WHAT THE TASK ASKS: Only the lines below between the ones containing "Andrew Jackson tijdens" and "Postcard Panama-Stadt Panamá", inclusive, are to be reproduced, each exactly as it stands.

DATA FOR PROCESSING:

═══

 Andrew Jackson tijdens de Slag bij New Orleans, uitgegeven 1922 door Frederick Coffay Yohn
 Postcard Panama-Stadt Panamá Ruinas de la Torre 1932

═══

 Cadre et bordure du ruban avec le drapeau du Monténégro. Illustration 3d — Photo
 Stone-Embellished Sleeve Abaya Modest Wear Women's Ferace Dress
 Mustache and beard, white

═══

RESULT BELOW:
 Andrew Jackson tijdens de Slag bij New Orleans, uitgegeven 1922 door Frederick Coffay Yohn
 Postcard Panama-Stadt Panamá Ruinas de la Torre 1932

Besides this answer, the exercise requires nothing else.